M. Stavarič: Dies sind Bücher, die wirklich viel mit Recherchen zu tun haben – im Grunde geht es darum, dies und das zu sammeln. Je mehr Material, desto besser. Die Arbeitsleistung ist dann eher eine »Montage« beziehugnsweise »Collage«. Ich mag diese Arbeit sehr gerne, weil sie immer eine Parodie darstellt. Und es ist eine gute Möglichkeit, der Welt einen Spiegel vorzuhalten … und in diesem erkennt man Wahres und Falsches, Wichtiges und Unwichtiges, die Mischung hat einen ganz eigenen Reiz.
R. Steiner: In Magma surfst du – über einen in die Weltgeschichte diabolisch eingreifenden Zoohändler – vom Tertiär bis ins 21. Jahrhundert. Assoziativ verbindest du untergegangene Kulturen, historisch einschneidende Phasen, besondere Momente und Geschichten bzw. menschliche Ausnahmeerscheinungen. Pointiert gefragt: Alles gleich wichtig?
M. Stavarič: Genau, alles gleich unwichtig. (lacht)
R. Steiner: Geschlechterkriege rund um Liebe und Macht werden im Roman Böse Spiele über vier zeitgenössische Figuren mit archaisch anmutenden Menschheitskriegen konfrontiert: Sind Liebe und Krieg die Konstanten der Menschheitsgeschichte?
M. Stavarič: Mit anderen Worten – Krieg und Frieden? (lacht) Nein, völlig richtig. Liebe und Krieg sind zwei wesentliche Konstanten des Mensch-Seins. Und der Krieg beginnt nicht unmittelbar am Schlachtfeld, vielmehr früher. Der »Krieg« ist sozusagen auch Metapher, die vieles inkludiert. Die Menschheitsgeschichte ist eine Geschichte der Auseinandersetzung zwischen positiven und negativen Gefühlen.
R. Steiner: In deinem aktuellen Roman Brenntage wurde der Ich-Erzähler in seiner Kindheit und Jugend durch Natur- und Glaubensmythen, die ihm sein erziehender Onkel erzählt, und durch die Dorfgeschichte als soziale Narrative geprägt. Sind es solche über Säkula und Dekaden mäandrierende Diskurse, die insbesondere in Krisenzeiten wieder auftauchen? Und was macht deren Faszination aus?
M. Stavarič: Ich glaube durchaus, dass solche Themen in Krisenzeiten vermehrt auftauchen – weil man sich nach Fluchtmöglichkeiten aus der Realität sehnt, nach einer heileren Welt.
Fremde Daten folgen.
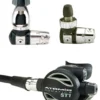 Atomic Aquatics ST1 Regulators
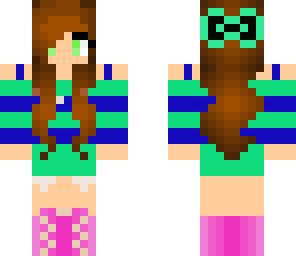 girly girl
Doch muss ich hier auch entschieden von mir weisen, dass dies irgendwie ein Thema in Brenntage wäre. Ich wollte vielmehr dadurch eine Art »Zwischenwelt« schaffen, die es schafft, die Krise bis ins innerste Mark unseres Denkens »zu treiben«. Die Faszination liegt also nicht in der »Auffindung einer heileren, tribaleren oder sozialeren Welt«, sondern vielmehr in der Erkenntnis, dass das Grauen selbst dort innewohnt. Völlig richtig: Das Schöne ist des Schrecklichen Anfang.
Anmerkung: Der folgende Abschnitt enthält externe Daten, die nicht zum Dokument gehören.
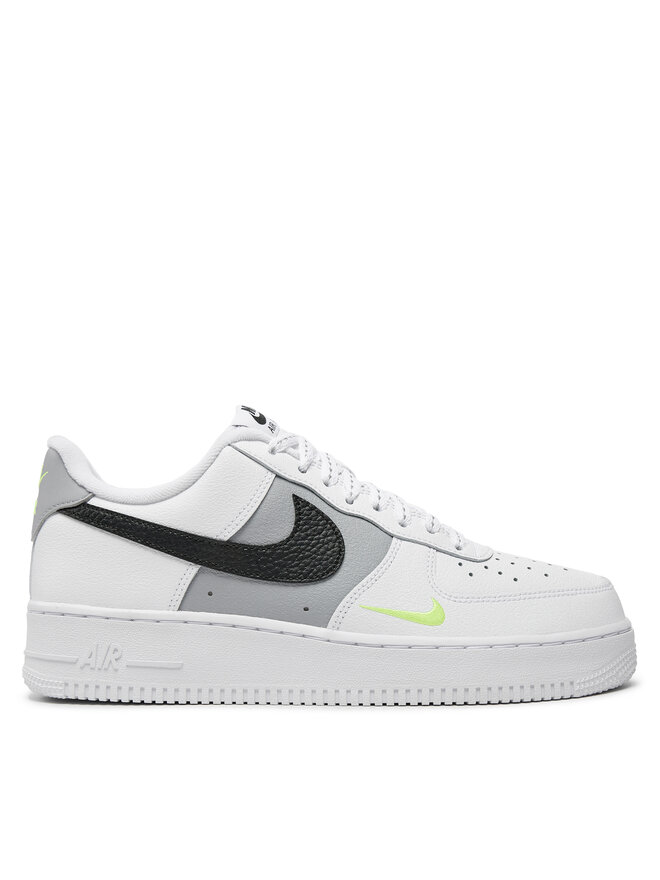 Air force 1 damskie biale eobuwie outlet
R. Steiner: Welche Zeiten willst du Kindern am liebsten »zumuten«? Bzw. anders gefragt: Ist in Kinderbüchern die Gegenwart – eventuell wegen der Persönlichkeitsentwicklung dieser Rezipienten – am wichtigsten?
M. Stavarič: Wenn ich so meine Kinderbücher betrachte, dann spielt die Zeit dort eine untergeordnete Rolle. Ich versuche bei meinen Kinderbüchern, gewisse Themen in den Vordergrund zu rücken. Allerdings – solche, die durchaus in jedem Erwachsenenbuch enthalten sind – Tod, Katastrophen, gesellschaftliche Phänomene … ich hoffe jedenfalls, Kinder schon recht früh für dieses oder jenes sensibilisieren zu können.